# Detecting Fraud - An Exploratory Data Analysis

A methodical EDA (exploratory data analysis) is comprised of four steps.   

  - The first of these steps involves loading the data into memory and storing it in a dataframe.  When a dataset does not fit into memory there are alternative methods of doing this - though I am unsure of what those are.
  -  In step 12 we will make the data set a "tidy data" set by following the guidelines established by Hadley Wickham.
 http://vita.had.co.nz/papers/tidy-data.html
  - Step three will use descriptive statistics and exploratory visualizations to understand the data at a macro level.
  - In step four we will aggregate the data and explore the group properties in a much more detailed manner.

In [None]:
import pandas as pd
import numpy as np
%matplotlib inline
# Importing pandas 0.18.1
# Importing numpy 1.12.1

In [None]:
import matplotlib
matplotlib.rcParams['figure.figsize'] = (12, 8)
matplotlib.pyplot.style.use('ggplot')
pd.set_option('max.rows', 100)

In [None]:
pd.__version__

In [None]:
np.__version__

In [None]:
matplotlib.__version__

### Step 1:  Loading and storing data set into a data frame

In [None]:
df = pd.read_csv('train.csv')
# importing preprocess to load 'train' dataset
# making dataframe df from 'train' dataset
# completes step 1 of a methodical EDA

### Step 2:  Making a tidy data set

In [None]:
df.shape
# Curious as to the size of the data set

In [None]:
df.head()
# curious as to the content of the data set

### Why look at the head of the data set?

I chose to begin step two of my EDA, tidying up the data set, by looking at the head of the data frame.  In doing this I can take a look at my column headers as well as the first 5 results where I am looking for the presence of the 3 indicators of a tidy data set:
- Each variable forms a column
- Each observation forms a row
- Each type of observational unit forms a table

Though not all of these are going to be appparent with only 5 observations listed, we can capture any of the obvious ones and correct them right away.
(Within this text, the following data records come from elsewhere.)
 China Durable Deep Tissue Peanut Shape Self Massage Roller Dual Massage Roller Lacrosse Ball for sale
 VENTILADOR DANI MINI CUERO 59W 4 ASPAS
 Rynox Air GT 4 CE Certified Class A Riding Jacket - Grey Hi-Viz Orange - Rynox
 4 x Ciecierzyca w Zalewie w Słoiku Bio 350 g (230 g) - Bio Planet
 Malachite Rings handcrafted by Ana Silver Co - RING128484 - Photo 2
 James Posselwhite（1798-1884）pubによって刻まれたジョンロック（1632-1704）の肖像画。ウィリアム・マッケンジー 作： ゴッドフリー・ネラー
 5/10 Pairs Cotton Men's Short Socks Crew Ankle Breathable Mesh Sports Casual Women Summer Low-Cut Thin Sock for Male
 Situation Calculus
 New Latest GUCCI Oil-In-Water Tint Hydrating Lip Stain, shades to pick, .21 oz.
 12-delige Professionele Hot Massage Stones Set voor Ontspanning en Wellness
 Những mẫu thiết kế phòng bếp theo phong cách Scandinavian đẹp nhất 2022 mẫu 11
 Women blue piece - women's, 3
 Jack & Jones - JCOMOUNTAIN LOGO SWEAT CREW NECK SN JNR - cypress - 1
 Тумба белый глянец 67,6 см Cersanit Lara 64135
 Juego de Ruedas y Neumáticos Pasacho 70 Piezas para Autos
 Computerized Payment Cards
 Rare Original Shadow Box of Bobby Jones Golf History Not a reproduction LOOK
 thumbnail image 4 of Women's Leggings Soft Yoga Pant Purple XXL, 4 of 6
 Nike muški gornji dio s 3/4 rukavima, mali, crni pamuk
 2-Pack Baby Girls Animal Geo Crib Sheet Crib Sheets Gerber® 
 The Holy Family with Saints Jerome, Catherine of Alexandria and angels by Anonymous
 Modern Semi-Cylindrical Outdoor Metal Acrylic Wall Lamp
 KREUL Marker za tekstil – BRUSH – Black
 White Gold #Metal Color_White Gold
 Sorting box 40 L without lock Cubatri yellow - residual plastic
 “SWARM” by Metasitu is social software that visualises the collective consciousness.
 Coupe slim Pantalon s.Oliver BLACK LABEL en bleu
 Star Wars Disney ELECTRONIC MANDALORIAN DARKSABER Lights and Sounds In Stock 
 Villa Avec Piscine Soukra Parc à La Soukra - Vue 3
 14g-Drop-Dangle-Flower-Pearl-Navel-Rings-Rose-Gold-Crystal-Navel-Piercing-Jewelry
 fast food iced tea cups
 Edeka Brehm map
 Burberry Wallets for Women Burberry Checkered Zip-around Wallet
According to Hadley, the 5 most frequent causes of messy data are as follows:
- Column headers are values and not variable names
- Mulitple variables are stored in one column
- Variables are stored in both rows and colummns
- Observational units types of varying kinds are stored in the same table
- Multiple instances of a single observational type is found in numerous tables

At the on set alll of these stipulations seems to be in order.  I do however take issue with the ordering of the columns.  Fixed variables should come first (left-most) followed by the measured variables.  Currently, all we have are fixed variables and the flow of the columns makes sense to me with the exception of the 'id' column.  It is my belief that this is a unique identifier for each transaction and as such it makes more sense to me that this column be moved to the far left side of the data frame.  I've also corrected the column header 'oldbalanceOrg' to 'oldbalanceOrig' thinking that the typo ought to be corrected.

As the analysis continues to deepen I will continue to look for additional manners to tidy up my data set where it is warranted.

In [None]:
df = df[['id', 'step', 'type', 'amount', 'nameOrig', 'oldbalanceOrg',
         'newbalanceOrig', 'nameDest', 'oldbalanceDest', 'newbalanceDest',
         'isFraud']]
df.head()
# moving 'id' column to the left end of df

In [None]:
df = df.rename(columns={'oldbalanceOrg': 'oldbalanceOrig'})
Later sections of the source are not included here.